» Action item: All lines from the opening of the data to the line containing "Chicago Bears Lettered" must be returned unchanged, and only those lines.

» Information provided:
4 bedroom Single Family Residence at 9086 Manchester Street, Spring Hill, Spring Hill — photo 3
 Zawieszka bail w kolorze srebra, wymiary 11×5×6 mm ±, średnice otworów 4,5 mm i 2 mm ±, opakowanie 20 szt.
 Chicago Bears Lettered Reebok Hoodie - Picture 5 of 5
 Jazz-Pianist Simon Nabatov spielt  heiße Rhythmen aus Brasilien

» Your solution:
4 bedroom Single Family Residence at 9086 Manchester Street, Spring Hill, Spring Hill — photo 3
 Zawieszka bail w kolorze srebra, wymiary 11×5×6 mm ±, średnice otworów 4,5 mm i 2 mm ±, opakowanie 20 szt.
 Chicago Bears Lettered Reebok Hoodie - Picture 5 of 5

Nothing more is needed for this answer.